AWS Glue Component
Manage AWS Glue crawlers, jobs and triggers
Component key: aws-glue
Description
AWS Glue is a serverless data integration service from Amazon Web Services. The AWS Glue component allows you to interact with jobs, triggers, and crawlers in your AWS Glue account.
Connections
AWS Glue Access Key and Secret
An AWS IAM access key pair is required to interact with AWS Glue. Make sure that the key pair you generate in AWS has proper permissions to the AWS Glue resources you want to access.

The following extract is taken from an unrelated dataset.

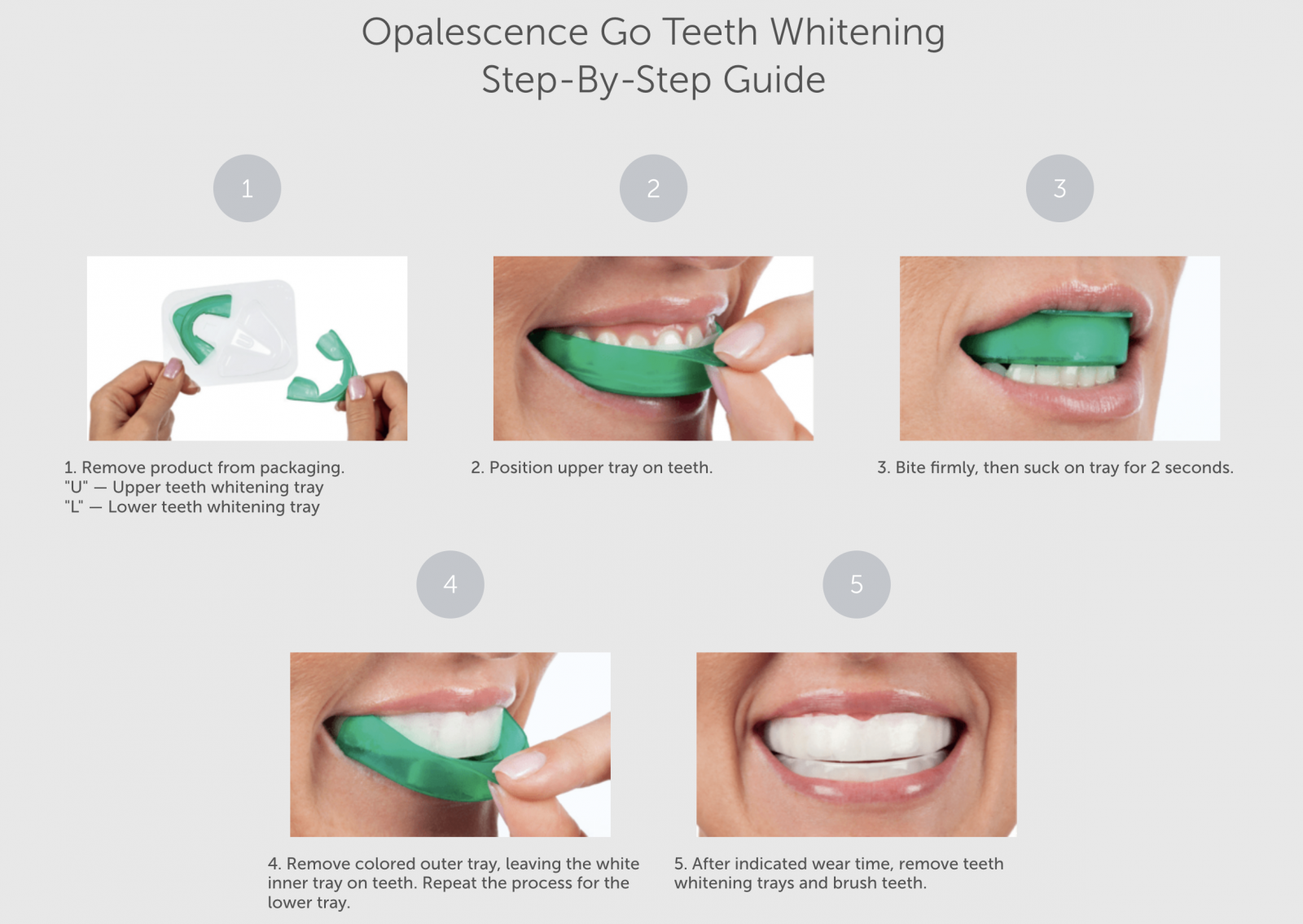 How to Use Opalescence Tooth Whitening - Baird Orthodontics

Read more about Glue IAM actions in the AWS docs.
Input | Notes | Example |
---|---|---|
Access Key ID string / Required accessKeyId | An AWS IAM Access Key ID | AKIAIOSFODNN7EXAMPLE |
Secret Access Key password / Required secretAccessKey | An AWS IAM Secret Access Key | wJalrXUtnFEMI/K7MDENG/bPxRfiCYEXAMPLEKEY |
AWS Role ARN
To enable the IAM role authentication begin by logging into the AWS Console and navigate to Identity and Access Management (IAM).

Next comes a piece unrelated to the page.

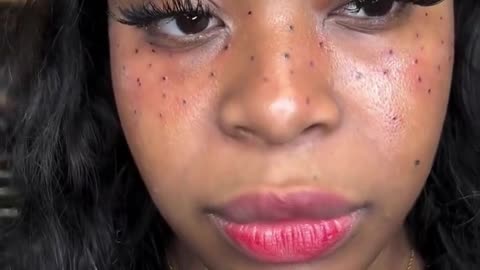 Woman Gets Tattoo of Freckles on Her Face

To create an ARN user and generate credentials:
- Navigate to Users and select Create User.
- Provide a User name and check the box providing them user access to the AWS Management Console if needed.
- Once completed with the User creation, copy the ARN provided in the summary for a later step.
- To obtain the ARN for an existing User, click on the designated username from the Users page and the ARN will be provided in the summary section.
- From the summary section, select Create access key
- Select Third-party service as the access key type and select next.
- Set a description and select create access key.
- Copy the Access Key and Secret access key and enter those into the connection configuration of your integration along with the ARN.
To create and assign a user a role:
- Navigate to Roles and select Create Role.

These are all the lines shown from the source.